→ **What needs to be done**
What you return must be the full data, repeated verbatim, with no pictures in it.

→ **Provided material**
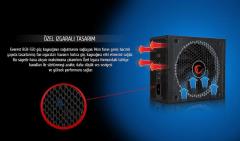 RAMPAGE 550W 12cm Fan 80Plus Gold RGB LED Full Moduler Güç Kaynağı RGB-550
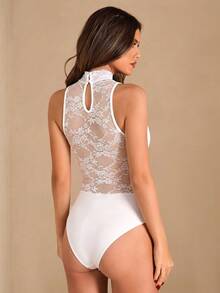 SHEIN BAE Women's Elegant Lace Patchwork Halter Neck Bodysuit, Tight Fit White Seductive Bodice For Party Night,Summer Cocktail Party Date Outfit - White - View 2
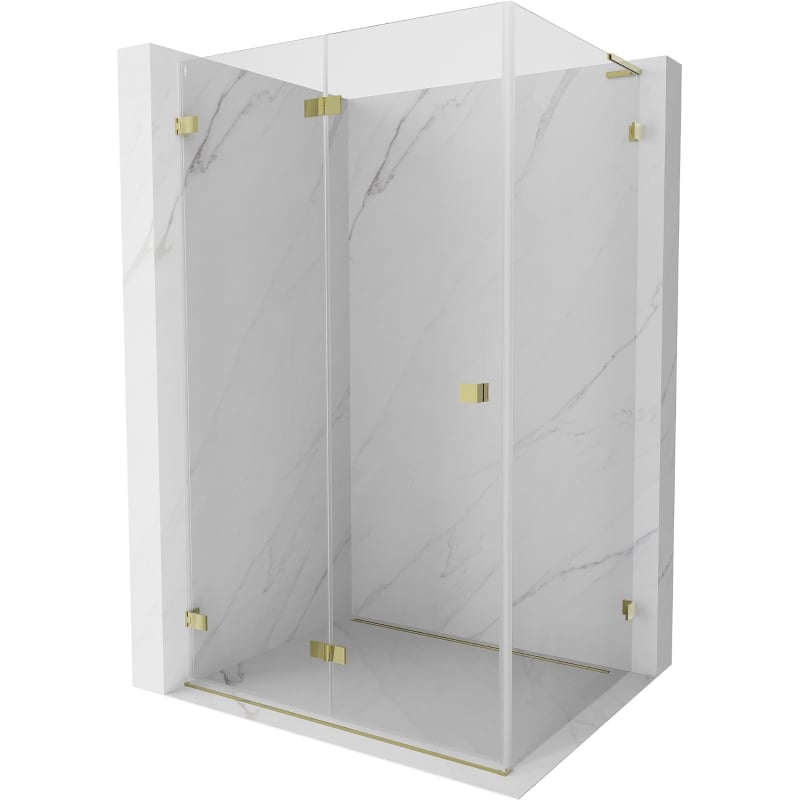 Mexen Lunar-F L folding shower enclosure left 85 x 70 cm, transparent, gold - 836L-085-070-50-00-L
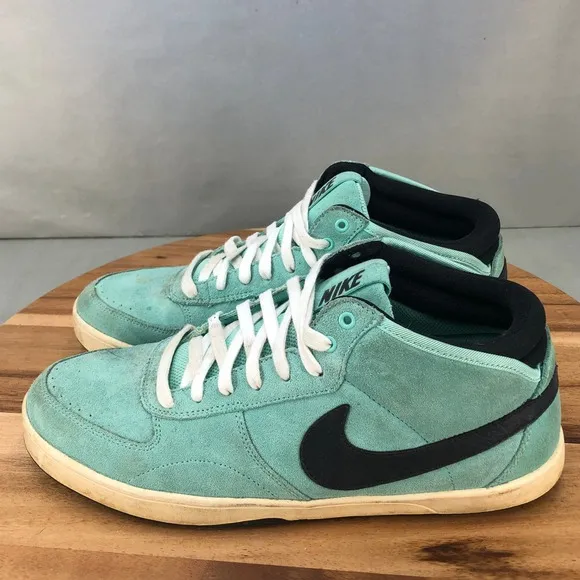 Nike Court Borough Mid Top Sneakers Suede Shoes Blue Black Comfort Cushion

→ **Solution to the problem**
 RAMPAGE 550W 12cm Fan 80Plus Gold RGB LED Full Moduler Güç Kaynağı RGB-550
 SHEIN BAE Women's Elegant Lace Patchwork Halter Neck Bodysuit, Tight Fit White Seductive Bodice For Party Night,Summer Cocktail Party Date Outfit - White - View 2
 Mexen Lunar-F L folding shower enclosure left 85 x 70 cm, transparent, gold - 836L-085-070-50-00-L
 Nike Court Borough Mid Top Sneakers Suede Shoes Blue Black Comfort Cushion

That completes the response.